** Opening Record extracts block **

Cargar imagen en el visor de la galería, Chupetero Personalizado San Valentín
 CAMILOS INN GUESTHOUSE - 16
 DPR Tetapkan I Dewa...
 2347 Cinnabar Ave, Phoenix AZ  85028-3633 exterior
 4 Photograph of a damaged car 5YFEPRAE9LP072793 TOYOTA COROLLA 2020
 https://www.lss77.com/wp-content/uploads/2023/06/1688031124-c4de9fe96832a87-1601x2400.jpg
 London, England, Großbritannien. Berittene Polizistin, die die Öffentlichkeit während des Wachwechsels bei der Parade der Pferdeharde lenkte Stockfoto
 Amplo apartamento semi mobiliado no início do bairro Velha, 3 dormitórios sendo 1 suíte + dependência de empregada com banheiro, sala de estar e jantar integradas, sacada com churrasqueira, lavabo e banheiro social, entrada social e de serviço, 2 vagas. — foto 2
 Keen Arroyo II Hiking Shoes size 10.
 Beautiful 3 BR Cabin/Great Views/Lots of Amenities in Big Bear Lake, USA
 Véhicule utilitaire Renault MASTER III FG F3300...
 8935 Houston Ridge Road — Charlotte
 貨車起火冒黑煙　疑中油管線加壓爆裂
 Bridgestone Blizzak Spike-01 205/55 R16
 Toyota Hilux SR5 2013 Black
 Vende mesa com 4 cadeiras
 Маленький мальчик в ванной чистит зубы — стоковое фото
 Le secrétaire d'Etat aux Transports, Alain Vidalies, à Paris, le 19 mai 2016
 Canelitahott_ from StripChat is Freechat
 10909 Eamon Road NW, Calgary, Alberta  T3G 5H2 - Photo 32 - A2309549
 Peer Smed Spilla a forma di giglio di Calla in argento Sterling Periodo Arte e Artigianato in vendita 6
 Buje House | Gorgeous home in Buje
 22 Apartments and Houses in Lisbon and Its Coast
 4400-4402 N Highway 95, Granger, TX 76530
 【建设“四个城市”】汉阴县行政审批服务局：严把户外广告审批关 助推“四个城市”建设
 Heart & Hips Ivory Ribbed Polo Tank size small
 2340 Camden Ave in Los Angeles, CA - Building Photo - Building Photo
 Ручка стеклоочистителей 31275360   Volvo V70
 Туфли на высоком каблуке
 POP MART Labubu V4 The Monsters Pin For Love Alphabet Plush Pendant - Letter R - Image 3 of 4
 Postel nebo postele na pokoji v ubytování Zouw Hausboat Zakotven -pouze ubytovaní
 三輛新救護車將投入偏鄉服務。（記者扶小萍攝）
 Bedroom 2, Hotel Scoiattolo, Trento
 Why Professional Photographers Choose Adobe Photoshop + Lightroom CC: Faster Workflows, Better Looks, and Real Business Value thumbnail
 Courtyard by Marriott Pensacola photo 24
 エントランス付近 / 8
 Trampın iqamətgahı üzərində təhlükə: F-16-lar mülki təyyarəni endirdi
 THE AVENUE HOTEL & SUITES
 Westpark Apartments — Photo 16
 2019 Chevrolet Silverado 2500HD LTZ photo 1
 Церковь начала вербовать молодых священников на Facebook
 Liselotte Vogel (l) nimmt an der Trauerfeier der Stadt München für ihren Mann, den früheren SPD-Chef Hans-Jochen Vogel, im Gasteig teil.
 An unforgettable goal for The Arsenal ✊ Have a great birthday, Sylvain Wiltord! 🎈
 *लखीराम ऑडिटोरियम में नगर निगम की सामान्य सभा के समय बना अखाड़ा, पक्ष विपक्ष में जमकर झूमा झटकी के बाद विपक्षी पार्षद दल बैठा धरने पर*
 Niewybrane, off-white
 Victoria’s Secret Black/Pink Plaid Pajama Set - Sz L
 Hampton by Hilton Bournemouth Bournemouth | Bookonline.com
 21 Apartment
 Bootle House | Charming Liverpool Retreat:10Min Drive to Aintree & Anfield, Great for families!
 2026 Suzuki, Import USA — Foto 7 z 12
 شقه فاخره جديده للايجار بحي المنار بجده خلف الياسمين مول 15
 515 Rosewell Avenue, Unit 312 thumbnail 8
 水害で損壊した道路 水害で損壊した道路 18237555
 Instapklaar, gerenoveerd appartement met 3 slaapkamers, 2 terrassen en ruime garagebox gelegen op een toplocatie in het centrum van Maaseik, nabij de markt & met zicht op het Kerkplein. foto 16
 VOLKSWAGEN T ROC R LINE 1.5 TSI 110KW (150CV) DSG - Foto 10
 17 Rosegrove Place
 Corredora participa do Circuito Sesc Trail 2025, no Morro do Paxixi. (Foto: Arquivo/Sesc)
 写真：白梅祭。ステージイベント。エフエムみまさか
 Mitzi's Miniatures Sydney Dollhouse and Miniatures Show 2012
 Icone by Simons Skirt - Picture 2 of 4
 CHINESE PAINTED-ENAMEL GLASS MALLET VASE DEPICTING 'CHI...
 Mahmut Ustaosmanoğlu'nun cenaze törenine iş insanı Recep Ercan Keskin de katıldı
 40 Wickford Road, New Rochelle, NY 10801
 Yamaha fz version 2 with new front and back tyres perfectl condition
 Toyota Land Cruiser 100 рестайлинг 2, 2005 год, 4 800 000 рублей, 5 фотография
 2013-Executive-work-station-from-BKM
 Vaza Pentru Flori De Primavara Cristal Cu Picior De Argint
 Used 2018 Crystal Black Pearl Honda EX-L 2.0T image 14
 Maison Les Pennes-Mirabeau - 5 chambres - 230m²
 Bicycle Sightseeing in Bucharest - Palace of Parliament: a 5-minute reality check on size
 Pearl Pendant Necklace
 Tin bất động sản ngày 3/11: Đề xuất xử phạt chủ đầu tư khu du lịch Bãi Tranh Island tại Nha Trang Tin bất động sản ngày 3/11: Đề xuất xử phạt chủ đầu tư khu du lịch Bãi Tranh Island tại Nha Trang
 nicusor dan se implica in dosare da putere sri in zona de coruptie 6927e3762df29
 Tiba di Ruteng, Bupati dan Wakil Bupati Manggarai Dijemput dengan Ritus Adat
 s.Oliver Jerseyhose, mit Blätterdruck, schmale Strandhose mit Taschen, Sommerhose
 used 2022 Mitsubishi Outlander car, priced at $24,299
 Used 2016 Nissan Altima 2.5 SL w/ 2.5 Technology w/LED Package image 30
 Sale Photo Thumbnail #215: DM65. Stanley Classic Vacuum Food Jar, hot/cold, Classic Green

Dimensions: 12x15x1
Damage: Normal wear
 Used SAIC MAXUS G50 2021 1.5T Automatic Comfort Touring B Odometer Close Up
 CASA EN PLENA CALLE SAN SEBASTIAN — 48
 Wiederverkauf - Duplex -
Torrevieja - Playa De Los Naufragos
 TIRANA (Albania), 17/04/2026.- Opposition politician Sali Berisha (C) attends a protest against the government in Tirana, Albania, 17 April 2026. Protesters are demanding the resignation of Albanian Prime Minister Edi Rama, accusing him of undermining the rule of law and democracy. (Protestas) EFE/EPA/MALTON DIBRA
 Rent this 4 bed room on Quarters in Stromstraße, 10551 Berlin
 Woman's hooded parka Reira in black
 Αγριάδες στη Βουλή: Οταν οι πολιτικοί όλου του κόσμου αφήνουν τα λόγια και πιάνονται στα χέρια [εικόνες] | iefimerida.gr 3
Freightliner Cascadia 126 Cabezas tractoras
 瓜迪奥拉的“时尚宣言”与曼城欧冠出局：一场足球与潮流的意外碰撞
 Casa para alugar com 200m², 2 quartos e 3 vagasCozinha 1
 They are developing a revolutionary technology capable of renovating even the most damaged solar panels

** Closing Record extracts block **

For this exercise, return every line from the data that holds the string "damaged".

■ **Reply**
 4 Photograph of a damaged car 5YFEPRAE9LP072793 TOYOTA COROLLA 2020
 They are developing a revolutionary technology capable of renovating even the most damaged solar panels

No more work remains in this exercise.